Breaking down barriers in southwest Scarborough

This post by Michelle Kearns is part of Spacing’s partnership with the Toronto Cycling Think & Do Tank at the University of Toronto. Michelle is a graduate of U of T’s Master of Science in Planning program working in partnership with the Scarborough Cycles project at the Toronto Centre for Active Transportation. Scarborough Cycles is funded by the Metcalf Foundation’s Cycle City program, which aims to build a constituency and culture in support of cycling for transportation.

Scarborough was built for automobiles, this is true. Arterial roads are wide and fast, crossing distances at intersections are long, and winding residential streets are designed to keep traffic out (and at the same time this design restricts the use of these streets as safe cycling shortcuts). However, not everyone drives. TTC ridership counts point to heavily used routes such as Eglinton East (28,000 people on an average weekday), Lawrence East (33,700), and Victoria Park (24,800) (TTC, 2014), and since there is no comprehensive and detailed current walking or cycling data, TTC ridership is the closest we have to understanding how many residents are getting around without a private automobile. We know that car ownership in Scarborough is not nearly as common as what some may assume. There are significant numbers of residents getting around without cars in Scarborough. Even transit riders turn into pedestrians or cyclists when making the trip to or from the bus stop.

Figure 1 Eglinton Avenue (Google Maps)

 

 

 

 

 

 

 

 

 

 

Figure 2 Eglington Avenue (Google Maps)

 

 

 

 

 

 

 

 

 

 

 

 

 

Over one month in late 2016, my colleague Trudy Ledsham and I held four focus groups in Southwest Scarborough with the goal of better understanding barriers to walking and cycling for transportation in the area. These focus groups were born out of a survey done by the Scarborough Cycles team when they had initially sought to generally understand travel in Scarborough. Thankfully for us, we were able to take advantage of one question on that survey: “Would you be interested in participating in a focus group on bicycling for transportation?” A total of 32 participants were still interested, months later, and chose to join us for a conversation.

We had expected the discussion to focus broadly on a lack of bike lanes and the challenges of crossing arterial roads, but instead we were privileged to learn about the participants’ daily lives and the unique mobility barriers they experience.

The focus groups included residents from various income groups, ages, and immigration status. Both high-rise dwellers and single-family homeowners participated. Many attendees were eager to tell their stories–of suffering a severe fall off a bike due to feeling forced to ride on the grassy boulevard and not the sidewalk or road, of poor lighting on sidewalks necessitating long route alterations on the way home, or of being passed too closely by fast-moving buses on Pharmacy Avenue while on a bike and fearing for their safety. Many saw TTC fare (and infrequent schedules) as barriers to go grocery shopping, taking their children to daycare, or running errands. Biking was helpful for some trips, but not feasible for many due to distance or the lack of a safe route. Biking to the nearest subway station (Victoria Park for most participants) would reduce commute time, but again, would require time spent on arterial roads—most participants in this case used the sidewalk. The bike parking station at Victoria Park was inaccessible to most—too expensive and too difficult to register as it must be done in-person at Union Station.

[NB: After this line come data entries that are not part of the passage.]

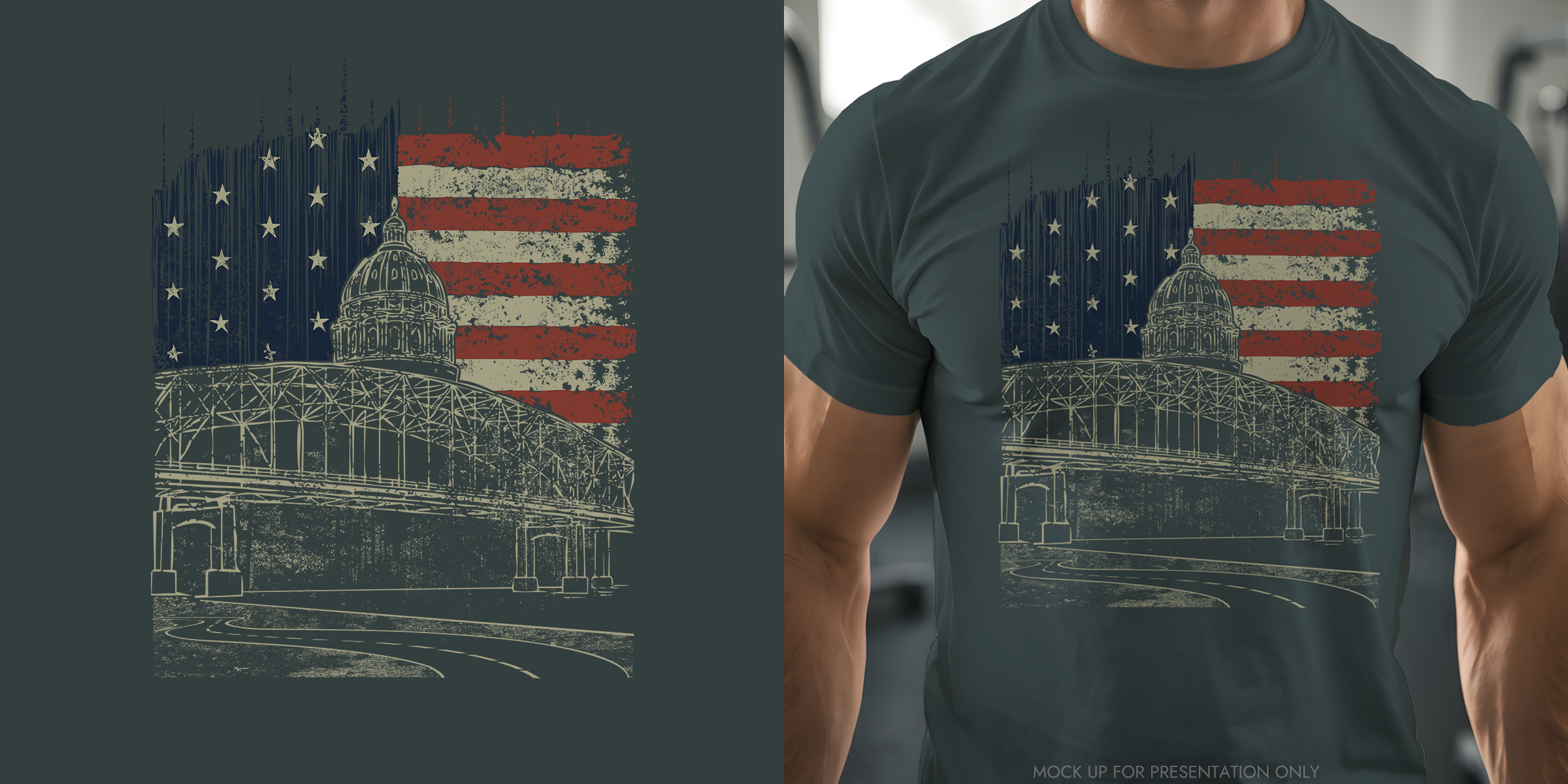 T-shirt Design by NancyTan for this project | Design #36850249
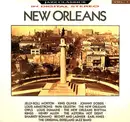 LP - Various - New Orleans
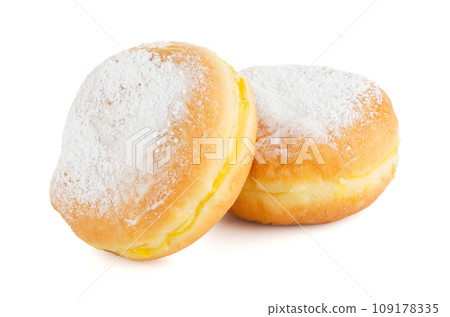 Tasty donuts Tasty donuts 109178335
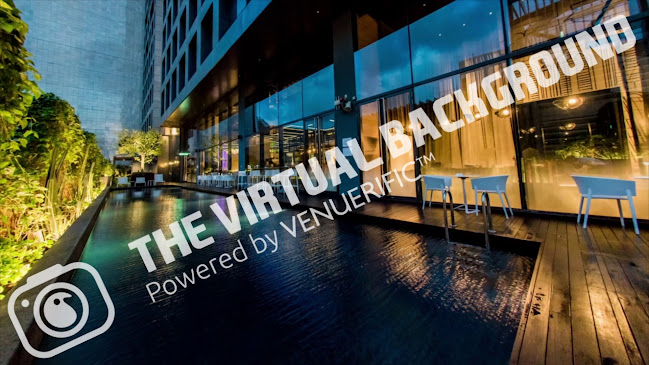 Komyuniti Bar & Restaurant - Singapore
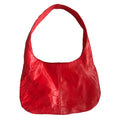 Faux Leather Purse Rework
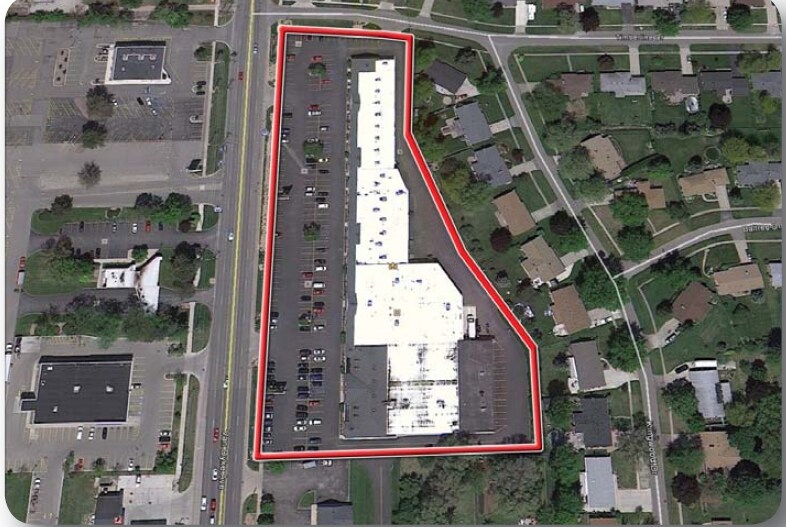 5120051370 Van Dyke Ave, Utica, MI 48316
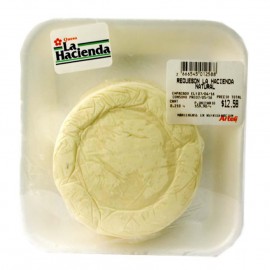 REQUESON NATURAL LA HACIENDA 1 KG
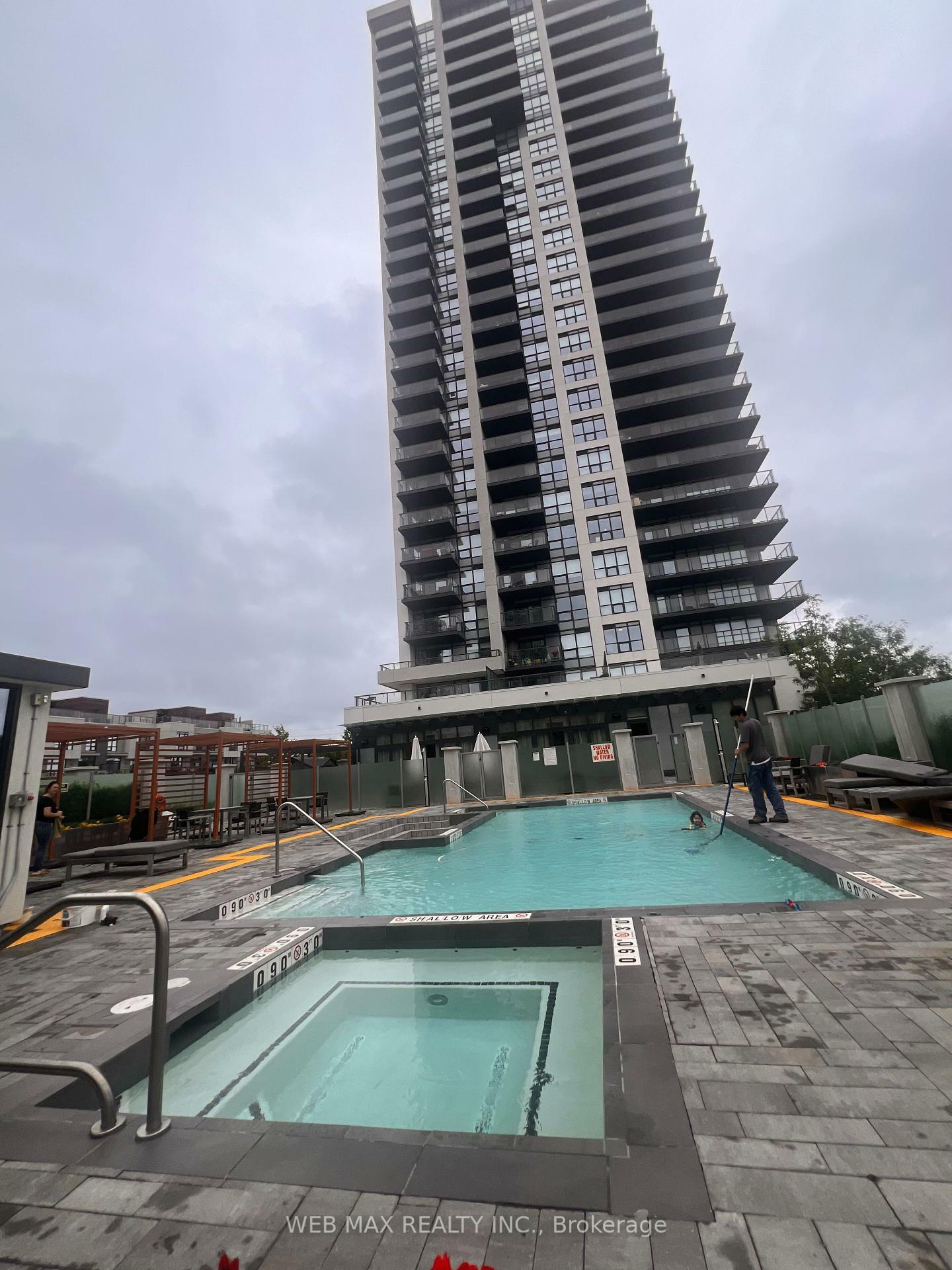 1255 Bayly Street 2403  Pickering ON L1W 0B6 photo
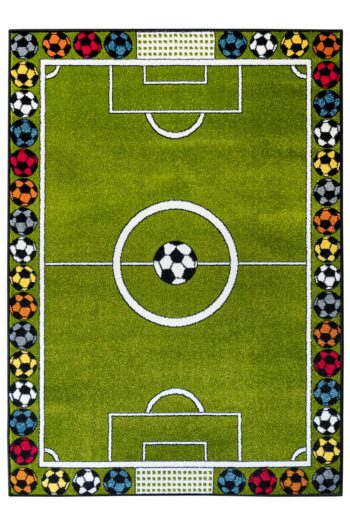 Detský kusový koberec LISTON 11377/130 140x200 cm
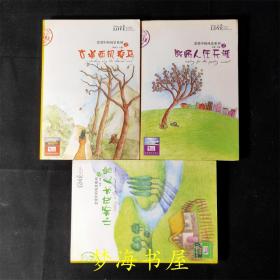 恋爱中的风景系列之：小桥流水人家、古道西风瘦马、断肠人在天涯（全三册）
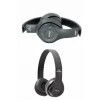 Wireless 5.0 Bluetooth Kablosuz Kulaklık ANC Özellikli Kulak Üstü Ayarlanabilir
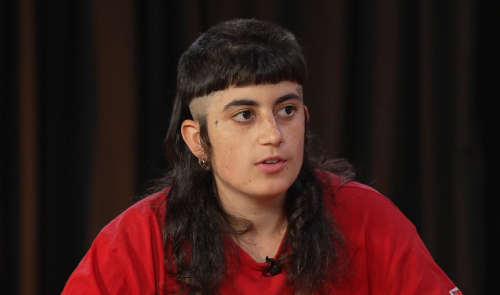 Así se construye un alter, con Jimena Amarillo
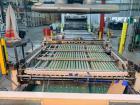 Used Mamata VEGA-1200 A Dual Draw Roll Bag Making Machine for Sale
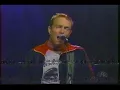 Eve 6 Performs "Inside Out" - 7/21/1998
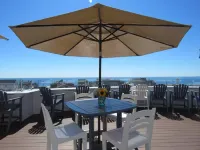 The Break Hotel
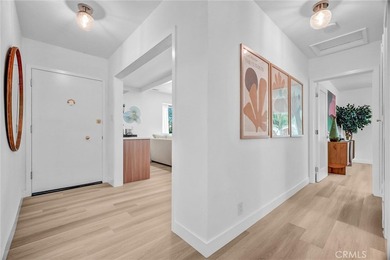 This custom-built 1962 mid-century modern ranch has been - photo 7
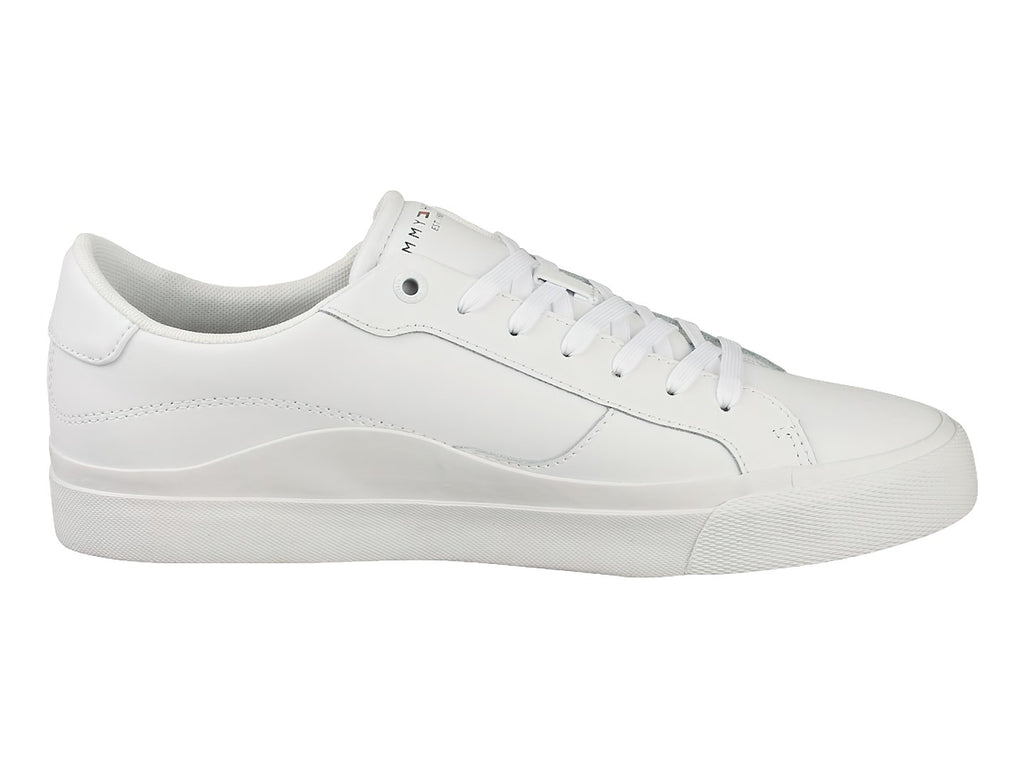 Tenis Tommy Hilfiger M04140 Para Hombre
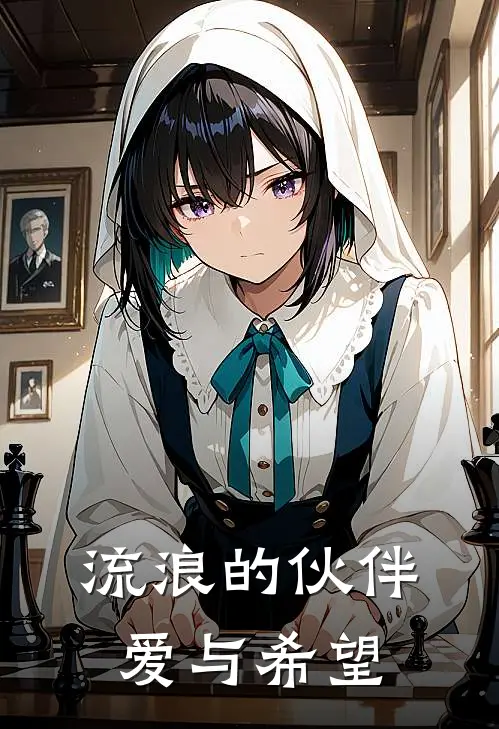 流浪的伙伴：爱与希望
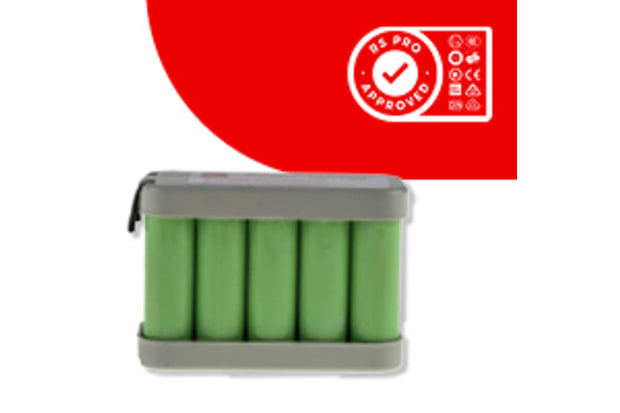 Rechargable Battery Packs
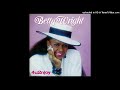 Betty Wright - 4u2njoy (1989)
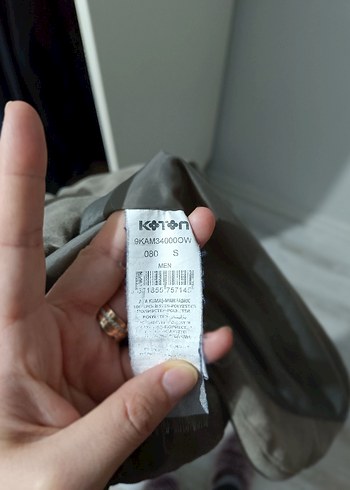 Çok şık güzel Yelek - Görsel 7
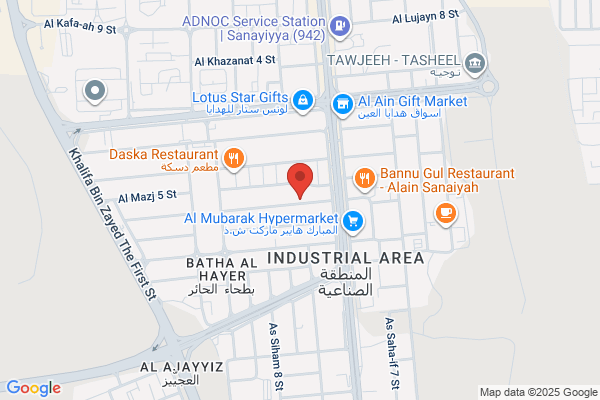 Falcon Building Materials Inc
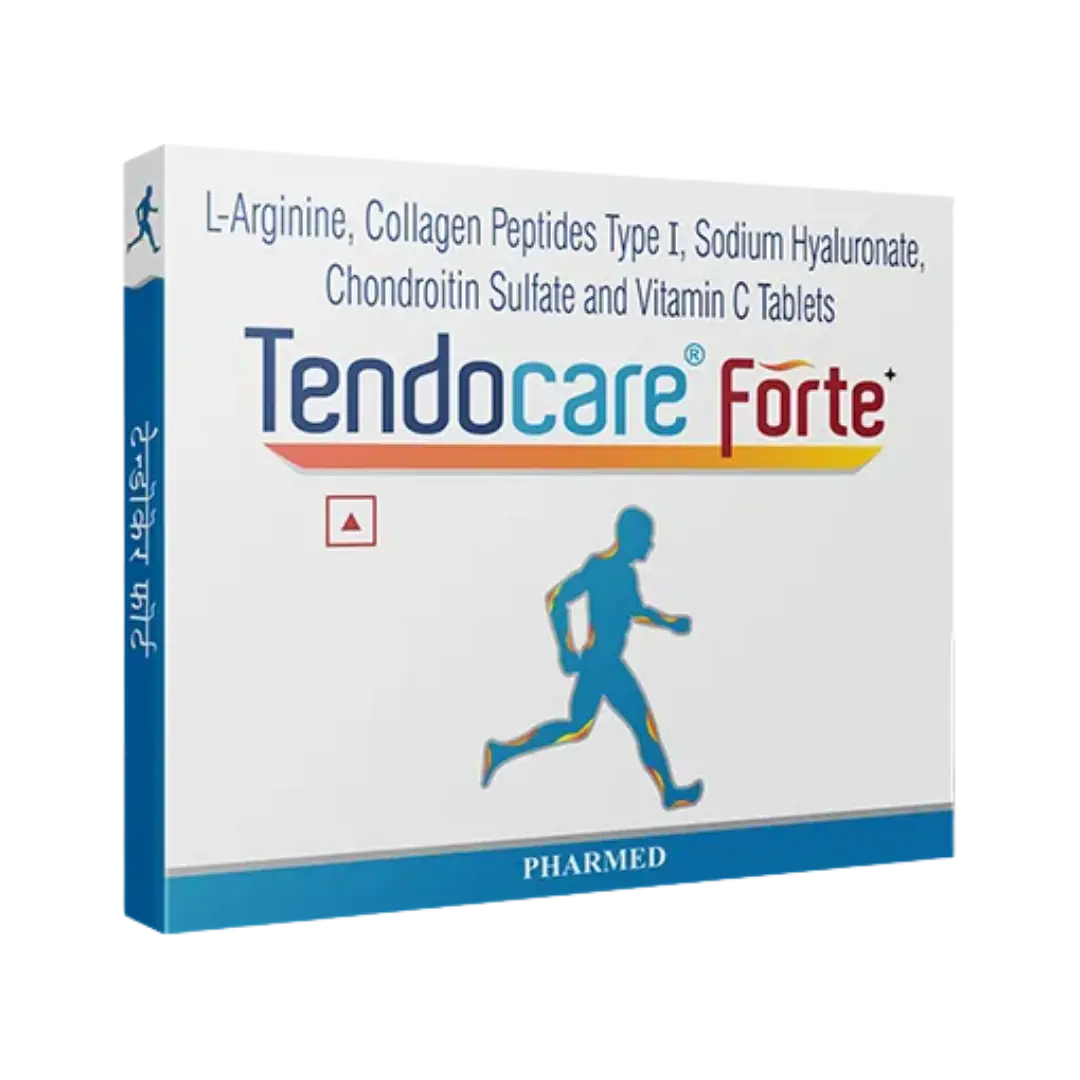 Tendocare Forte 1 Tendocare Forte 1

There was a sense of confusion for participants who were relatively new to the area when the Ford-era bike lane removal was brought up. For those who try to meander to the grocery store on their bikes, a bike lane on Pharmacy Avenue would have removed a significant barrier.

One of Scarborough’s best resources is the ravine trail system, but many participants felt unsafe exploring the isolated ravines on their own (as they thought there was little in the way of maps or wayfinding) or felt like they could not use these trails to commute as there was no lighting at night. Simply crossing the road was a barrier. Although all arterials are equipped with sidewalks and traffic lights at main intersections, the sheer distance that a pedestrian has to cross while cars attempt to turn across their path was a source of discomfort, especially for participants who were older, faced mobility challenges, or cared for small children.

 

Figure 3 Multi-use pathway on Ellesmere Road, Scarborough

This is a summary of the feedback and knowledge gained through this exercise. Thirty-two participants agreed to chat about their daily mobility challenges–many were passionate and truly believed some small changes could enhance safety and security for themselves and their neighbours. However, the system of “being heard” in Toronto is complicated. Councillors, community council, transportation services, the TTC–being new to Canada, having unpredictable schedules, dealing with a language barrier, or having a mobility barrier restricting access to some community consultations hindered many of these residents from accessing the traditional channels of advocating. Southwest Scarborough is a place of great diversity and rich culture, and it is a waste to not extend targeted effort at including these populations in discussing neighbourhood improvements. The narrative of Scarborough as an auto-dominated place where active transportation efforts would be wasted is difficult to overcome. Safety is a right for all–not just those who can navigate the complicated waters of power and representation in this City. It’s time that all modes of mobility are legitimized in Scarborough.